Wer die deutsche Fassung von SHOGUN ASSASSINS gesehen hat, der reibt sich ob dieser Worte vermutlich verwundert die Augen. Weltall? Drogen? Meteore? Überlänge? Was? Verständlich, denn was in Deutschland als DER SHOGUN UND SEIN SAMURAI ankam, ließ sage und schreibe 70 Minuten Material vermissen. Die Überbleibsel des Ganzen kann man gepflegt in der Pfeife rauchen. In einem Affenzahn wird da von Szene zu Szene gesprungen; die ausführlichen Vorstellungen der einzelnen Widerstandskämpfer, die im Original alle eine einleitende Episode spendiert bekamen, fehlen ebenso, wie jedwede Anspielung auf magische oder esoterische Elemente, wodurch auch fast alle der tollen visuellen Effekte gnadenlos eliminiert wurden. Komplexere Sachverhalte hat man ebenfalls ohne Rücksicht auf Verluste herausgeschnitten und/oder wegsynchronisiert, bis von der ursprünglichen Idee wirklich rein gar nichts mehr übrig war. Da nutzen auch die professionellen Stimmen (wie Elmar Wepper oder Christian Tramitz) nichts mehr. Aus dem experimentellen Epos wurde ein zusammenhangloses Fragment, das das eigentliche Werk nicht einmal mehr erahnen lässt.

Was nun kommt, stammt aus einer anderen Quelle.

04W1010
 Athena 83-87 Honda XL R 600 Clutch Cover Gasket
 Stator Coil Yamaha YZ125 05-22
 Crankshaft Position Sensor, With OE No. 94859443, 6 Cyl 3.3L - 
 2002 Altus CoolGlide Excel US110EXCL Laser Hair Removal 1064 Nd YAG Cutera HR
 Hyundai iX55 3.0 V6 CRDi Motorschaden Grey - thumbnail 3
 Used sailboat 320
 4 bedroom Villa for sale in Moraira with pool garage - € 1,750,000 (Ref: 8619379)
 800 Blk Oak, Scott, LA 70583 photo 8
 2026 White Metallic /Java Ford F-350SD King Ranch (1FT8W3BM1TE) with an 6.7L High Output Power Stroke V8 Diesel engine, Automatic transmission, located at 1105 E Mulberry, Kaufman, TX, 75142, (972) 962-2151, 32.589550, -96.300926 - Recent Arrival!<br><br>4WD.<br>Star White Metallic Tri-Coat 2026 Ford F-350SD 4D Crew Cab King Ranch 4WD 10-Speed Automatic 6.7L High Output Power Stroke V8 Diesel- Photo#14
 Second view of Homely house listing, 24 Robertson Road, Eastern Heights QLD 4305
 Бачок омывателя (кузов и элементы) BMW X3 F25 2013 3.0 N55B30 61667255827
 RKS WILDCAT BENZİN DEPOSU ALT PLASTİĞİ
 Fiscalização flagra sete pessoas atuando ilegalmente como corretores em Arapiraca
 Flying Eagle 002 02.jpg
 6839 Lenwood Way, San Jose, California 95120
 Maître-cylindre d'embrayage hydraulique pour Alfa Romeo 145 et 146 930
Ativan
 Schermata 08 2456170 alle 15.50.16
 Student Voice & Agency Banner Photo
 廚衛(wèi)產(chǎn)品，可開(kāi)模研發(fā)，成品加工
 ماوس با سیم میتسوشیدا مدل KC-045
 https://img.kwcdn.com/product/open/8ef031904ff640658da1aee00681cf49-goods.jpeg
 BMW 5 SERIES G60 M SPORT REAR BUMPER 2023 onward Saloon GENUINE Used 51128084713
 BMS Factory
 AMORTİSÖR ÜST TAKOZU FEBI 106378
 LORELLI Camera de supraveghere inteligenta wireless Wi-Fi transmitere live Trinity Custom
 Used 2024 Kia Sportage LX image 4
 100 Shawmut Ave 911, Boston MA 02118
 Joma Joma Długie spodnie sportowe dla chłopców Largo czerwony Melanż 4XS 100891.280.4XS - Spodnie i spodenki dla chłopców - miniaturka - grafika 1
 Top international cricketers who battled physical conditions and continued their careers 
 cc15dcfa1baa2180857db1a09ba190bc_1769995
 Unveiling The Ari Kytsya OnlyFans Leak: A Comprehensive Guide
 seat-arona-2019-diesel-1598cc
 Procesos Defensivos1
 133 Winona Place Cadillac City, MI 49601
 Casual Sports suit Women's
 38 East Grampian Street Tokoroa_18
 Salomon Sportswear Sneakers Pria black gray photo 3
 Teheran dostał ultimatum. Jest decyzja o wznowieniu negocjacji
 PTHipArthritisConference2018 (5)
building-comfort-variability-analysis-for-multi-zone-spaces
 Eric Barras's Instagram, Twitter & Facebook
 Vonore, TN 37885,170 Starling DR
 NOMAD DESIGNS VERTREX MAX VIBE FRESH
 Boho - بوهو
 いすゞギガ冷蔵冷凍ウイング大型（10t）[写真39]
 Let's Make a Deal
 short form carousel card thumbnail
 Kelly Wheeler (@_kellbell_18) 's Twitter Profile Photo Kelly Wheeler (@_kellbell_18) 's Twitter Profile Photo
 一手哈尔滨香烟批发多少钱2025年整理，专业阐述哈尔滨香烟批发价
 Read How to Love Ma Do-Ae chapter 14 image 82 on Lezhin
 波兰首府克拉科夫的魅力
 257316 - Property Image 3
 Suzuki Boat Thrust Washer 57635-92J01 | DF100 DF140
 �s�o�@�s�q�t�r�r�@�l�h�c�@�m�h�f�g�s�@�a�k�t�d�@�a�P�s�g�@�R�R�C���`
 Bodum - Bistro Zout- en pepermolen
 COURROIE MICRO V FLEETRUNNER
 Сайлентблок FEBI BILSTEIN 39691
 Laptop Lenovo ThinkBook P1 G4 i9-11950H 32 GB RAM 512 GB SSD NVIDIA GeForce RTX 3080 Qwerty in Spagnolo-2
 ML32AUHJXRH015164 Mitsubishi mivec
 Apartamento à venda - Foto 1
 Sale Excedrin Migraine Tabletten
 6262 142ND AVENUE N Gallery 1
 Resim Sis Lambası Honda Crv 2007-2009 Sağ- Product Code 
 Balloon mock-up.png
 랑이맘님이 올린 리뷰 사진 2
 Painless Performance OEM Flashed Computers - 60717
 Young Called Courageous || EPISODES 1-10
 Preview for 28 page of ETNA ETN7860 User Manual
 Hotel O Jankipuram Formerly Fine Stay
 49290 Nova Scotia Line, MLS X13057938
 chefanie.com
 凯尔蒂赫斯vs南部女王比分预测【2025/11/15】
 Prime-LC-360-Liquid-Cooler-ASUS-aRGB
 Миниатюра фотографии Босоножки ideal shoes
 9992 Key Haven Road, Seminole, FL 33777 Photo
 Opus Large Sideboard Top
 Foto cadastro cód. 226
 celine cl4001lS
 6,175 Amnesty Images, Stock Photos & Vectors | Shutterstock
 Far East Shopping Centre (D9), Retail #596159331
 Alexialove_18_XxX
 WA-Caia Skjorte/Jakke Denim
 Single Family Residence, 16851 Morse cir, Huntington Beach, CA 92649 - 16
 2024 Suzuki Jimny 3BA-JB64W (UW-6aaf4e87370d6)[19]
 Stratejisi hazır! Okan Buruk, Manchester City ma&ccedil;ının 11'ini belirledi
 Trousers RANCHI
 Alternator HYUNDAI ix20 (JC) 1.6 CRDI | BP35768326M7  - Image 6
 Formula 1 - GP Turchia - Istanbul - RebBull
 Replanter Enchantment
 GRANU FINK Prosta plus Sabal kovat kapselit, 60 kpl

Die unangetastete Version hingegen ist fraglos einen Blick wert. Nicht ohne Längen und zwischenzeitlich wohl etwas arg verlabert und schwerfällig erzählt, sticht SHOGUN ASSASSINS aufgrund seiner Verschrobenheit und seines visuellen Einfallsreichtums doch sehr angenehm aus der Masse heraus. Und wer genau aufpasst, erkennt als einen der Ninja-Rebellen den Schauspieler Hiroyuki Sanada, dem später eine beachtliche Hollywood-Karriere zuteilwurde. Interessantes Detail: Gut 45 Jahre später spielte Sanada in der Serie SHOGUN den Fürsten Toranaga – dessen reales Vorbild Tokogawa Ieyasu war. Hiroyuki Sanada jagt hier also quasi sein zukünftiges Selbst. Da ist sie wieder, die Esoterik.